The democracy movement had proposed in the declaration issued by the Joint Committee for the Promotion of Democratic Political Systems on 2 November 198615 that the Chief Executive of the Hong Kong SAR should be nominated by no less than one-tenth of the members of the legislature, and directly elected by a territory-wide general election with universal franchise. Obviously, direct election by universal franchise would be the most democratic method, and in accord with the spirit of the modified presidential system of government that bestows on the Chief Executive a large degree of independence relatively free from any major checks and balances except for the threat of impeachment. Direct election of the Chief Executive, however, would involve substantial mobilization and might bring about serious divisions and even confrontation within the community. If there were too many candidates, there would be confusion. For the legitimacy of the Chief Executive to be guaranteed, he would have to receive an absolute majority of the votes cast, so two rounds of elections would probably be required, following the French system of presidential election (whereby if no candidate receives an absolute majority of votes cast in the first round, then the two candidates securing the most votes in the first round enter a second round).
If the Chief Executive were selected in this way, then the appointment of the Chief Executive by the central Chinese government could only be a matter of formality and a demonstration of China's sovereignty over Hong Kong. 16 If the central government refused to appoint the Chief Executive elected by universal franchise, there would certainly be a constitutional crisis, with a serious adverse impact on the stability and prosperity of the Hong Kong SAR.
One may reasonably speculate that both Beijing and the local conservative business community would like to have a considerable measure of control over the choice of the Chief Executive of the Hong Kong SAR so as to ensure that the Chief Executive selected would be acceptable from their point of view.
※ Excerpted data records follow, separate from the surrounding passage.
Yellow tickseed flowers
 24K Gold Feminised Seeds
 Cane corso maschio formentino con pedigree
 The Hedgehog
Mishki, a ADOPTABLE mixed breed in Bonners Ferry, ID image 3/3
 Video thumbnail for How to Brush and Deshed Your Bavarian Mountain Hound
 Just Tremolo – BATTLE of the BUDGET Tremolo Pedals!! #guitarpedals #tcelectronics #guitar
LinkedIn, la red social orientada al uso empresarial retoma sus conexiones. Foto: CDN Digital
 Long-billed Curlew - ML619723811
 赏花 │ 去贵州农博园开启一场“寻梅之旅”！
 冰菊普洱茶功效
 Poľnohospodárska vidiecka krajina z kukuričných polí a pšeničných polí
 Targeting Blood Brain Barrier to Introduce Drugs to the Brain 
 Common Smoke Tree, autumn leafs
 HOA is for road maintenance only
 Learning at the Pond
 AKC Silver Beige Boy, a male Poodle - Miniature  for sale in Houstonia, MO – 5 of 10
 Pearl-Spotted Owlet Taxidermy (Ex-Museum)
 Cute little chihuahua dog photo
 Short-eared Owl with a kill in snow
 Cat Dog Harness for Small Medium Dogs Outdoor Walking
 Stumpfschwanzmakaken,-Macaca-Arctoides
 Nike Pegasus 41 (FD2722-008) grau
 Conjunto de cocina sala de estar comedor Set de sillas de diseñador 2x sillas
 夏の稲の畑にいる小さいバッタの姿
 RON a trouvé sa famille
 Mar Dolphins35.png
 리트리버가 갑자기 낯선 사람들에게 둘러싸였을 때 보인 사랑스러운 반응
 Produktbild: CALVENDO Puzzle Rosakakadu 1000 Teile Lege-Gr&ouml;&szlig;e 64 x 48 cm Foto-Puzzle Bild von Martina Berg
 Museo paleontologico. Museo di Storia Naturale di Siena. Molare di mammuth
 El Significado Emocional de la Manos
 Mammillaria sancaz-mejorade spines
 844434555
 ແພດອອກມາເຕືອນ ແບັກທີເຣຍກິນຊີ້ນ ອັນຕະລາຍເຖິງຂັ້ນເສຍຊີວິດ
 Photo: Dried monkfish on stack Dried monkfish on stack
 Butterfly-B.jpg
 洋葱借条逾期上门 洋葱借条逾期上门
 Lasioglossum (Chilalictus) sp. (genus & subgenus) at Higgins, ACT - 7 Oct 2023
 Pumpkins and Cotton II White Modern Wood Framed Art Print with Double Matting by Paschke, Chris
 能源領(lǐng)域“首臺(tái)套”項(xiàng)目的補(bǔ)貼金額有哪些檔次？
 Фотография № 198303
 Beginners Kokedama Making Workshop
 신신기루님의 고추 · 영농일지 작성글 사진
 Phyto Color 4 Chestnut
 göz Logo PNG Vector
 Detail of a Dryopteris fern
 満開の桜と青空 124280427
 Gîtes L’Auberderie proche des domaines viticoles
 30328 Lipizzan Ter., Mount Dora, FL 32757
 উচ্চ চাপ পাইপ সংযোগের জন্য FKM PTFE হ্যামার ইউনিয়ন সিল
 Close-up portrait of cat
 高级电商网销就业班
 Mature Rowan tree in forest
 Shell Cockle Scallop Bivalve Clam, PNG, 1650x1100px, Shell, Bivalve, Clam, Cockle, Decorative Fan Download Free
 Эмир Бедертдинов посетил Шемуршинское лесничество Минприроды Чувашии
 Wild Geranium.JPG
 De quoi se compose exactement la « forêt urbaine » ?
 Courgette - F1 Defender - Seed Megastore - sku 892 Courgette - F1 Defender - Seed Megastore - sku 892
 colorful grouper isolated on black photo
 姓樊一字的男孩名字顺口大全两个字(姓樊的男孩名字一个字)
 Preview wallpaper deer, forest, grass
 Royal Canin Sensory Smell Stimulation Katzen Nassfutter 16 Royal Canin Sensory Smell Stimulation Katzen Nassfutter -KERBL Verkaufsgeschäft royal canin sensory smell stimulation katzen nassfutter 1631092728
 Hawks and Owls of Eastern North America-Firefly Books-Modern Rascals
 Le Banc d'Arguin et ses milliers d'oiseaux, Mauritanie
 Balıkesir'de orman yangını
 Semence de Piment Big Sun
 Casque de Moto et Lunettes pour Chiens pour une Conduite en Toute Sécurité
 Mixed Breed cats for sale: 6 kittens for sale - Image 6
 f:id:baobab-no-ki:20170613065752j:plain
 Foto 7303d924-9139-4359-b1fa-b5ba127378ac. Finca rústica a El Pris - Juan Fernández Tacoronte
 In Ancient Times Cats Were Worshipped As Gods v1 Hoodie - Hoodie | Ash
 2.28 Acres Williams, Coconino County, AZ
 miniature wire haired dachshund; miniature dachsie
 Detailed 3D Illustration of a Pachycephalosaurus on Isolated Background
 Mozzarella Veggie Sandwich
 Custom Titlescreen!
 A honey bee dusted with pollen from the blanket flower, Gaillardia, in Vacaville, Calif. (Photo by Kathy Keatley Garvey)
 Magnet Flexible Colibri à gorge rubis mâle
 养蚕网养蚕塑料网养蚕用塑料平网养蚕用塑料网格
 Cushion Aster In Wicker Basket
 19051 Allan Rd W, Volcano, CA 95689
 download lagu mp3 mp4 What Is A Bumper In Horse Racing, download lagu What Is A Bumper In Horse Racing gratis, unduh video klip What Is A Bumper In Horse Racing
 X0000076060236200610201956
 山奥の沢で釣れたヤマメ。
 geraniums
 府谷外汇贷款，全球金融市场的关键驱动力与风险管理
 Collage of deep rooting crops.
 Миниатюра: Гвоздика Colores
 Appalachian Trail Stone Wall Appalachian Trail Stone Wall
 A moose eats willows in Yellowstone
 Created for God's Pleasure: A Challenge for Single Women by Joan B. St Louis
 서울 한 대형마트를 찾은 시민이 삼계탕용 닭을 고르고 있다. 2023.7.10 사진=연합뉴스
The conservative business community has also wanted to avoid the possibility of having a directly elected Chief Executive who is a political figure unacceptable to Beijing. Thinking along these lines, the business and professional group of members of the Basic Law Consultative Committee suggested in 1988, while the first draft of the Basic Law was being produced, that the Chief Executive should be elected by an electoral college. They proposed that members of the electoral college would include members of the legislature, representatives of district organizations, representatives of corporate bodies and non-corporate permanent organizations, and representatives of various 'functional' constitutencies (including industry, commerce, finance, professions, education, labour, religious communities, social services and the public servants), totalling about 600 in number. The electoral college would then elect a nominating committee of 20 members from its own midst, which in turn would nominate three
15. See the declaration in pamphlet form issued by the Joint Committee for the Promotion of Democratic Political Systems on 2 Nov. 1986: a summary of the declaration appeared in all major newspapers in Hong Kong on 3 Nov. 1986. The Joint Committee is a loose umbrella organization involving practically all groups advocating democracy in the territory. The 100 or so groups include political groups, church groups, trade unions, etc. The Joint Committee was formed in 1986 and can at best mobilize 10,000-20,000 people. Its leaders are Martin Lee and Szeto Wah, members of the Legislative Council and the Basic Law Drafting Committee.